Search code examples
pythonscrapy

what's the different between response.xpath() and Selector(text=response.text).xpath()


>>> print(response.text)
<?xml version="1.0" encoding="UTF-8"?>
<sitemapindex xmlns="http://www.sitemaps.org/schemas/sitemap/0.9">
 <sitemap>
  <loc>https://cargadgetss.com/sitemap-product.xml</loc>
 </sitemap>
 <sitemap>
  <loc>https://cargadgetss.com/sitemap-category.xml</loc>
 </sitemap>
 <sitemap>
  <loc>https://cargadgetss.com/sitemap-page.xml</loc>
 </sitemap>
</sitemapindex>

>>> response.xpath('//loc')
[]
>>> Selector(text=response.text).xpath('//loc')[0].extract()
'<loc>https://cargadgetss.com/sitemap-product.xml</loc>'
>>>

I would to extract the tag info from the "xml" text.Actually,I have just started to learn how to extract data with scrapy, where always use respone.xpath in the code, but this time,it does't work.So I tried to use "Selector", luckily,I got the data what I need.But I still don't understand Why can the data be extracted with Selector, but not only with .xpath?


Solution

  • That's because the XML namespace (xmlns). Another way to extract those URLs is to assign some prefix to the namespace and use it on the selector.

    For example:

    >>> response.xpath("//x:loc/text()", namespaces={"x": "http://www.sitemaps.org/schemas/sitemap/0.9"}).getall()                  
    ['https://cargadgetss.com/sitemap-product.xml',
     'https://cargadgetss.com/sitemap-category.xml',
     'https://cargadgetss.com/sitemap-page.xml']
    

    (More info about namespaces and parsel)

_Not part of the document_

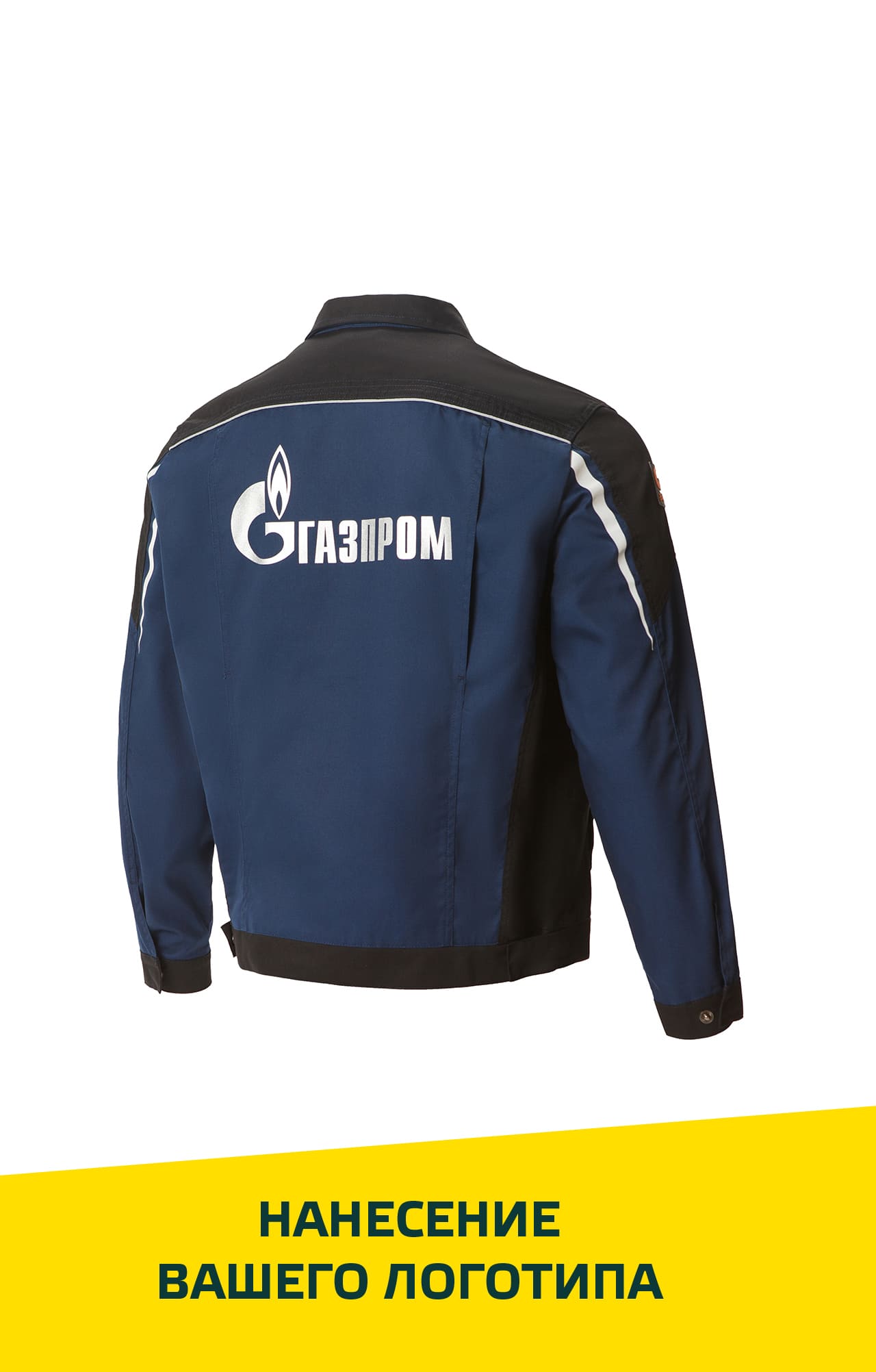 70049 Костюм  NEW темно-синий с черным STATUS  Летняя спецодежда  размер 60-62/182-188  - Вид №26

    However, if you want to extract links from a sitemap, I advise you to use Scrapy's SitemapSpider. Eg.:

    from scrapy.spiders import SitemapSpider
    
    class MySpider(SitemapSpider):
        sitemap_urls = ['http://www.example.com/sitemap.xml']
        sitemap_rules = [
            ('/product/', 'parse_product'),
            ('/category/', 'parse_category'),
        ]
    
        def parse_product(self, response):
            pass # ... scrape product ...
    
        def parse_category(self, response):
            pass # ... scrape category ...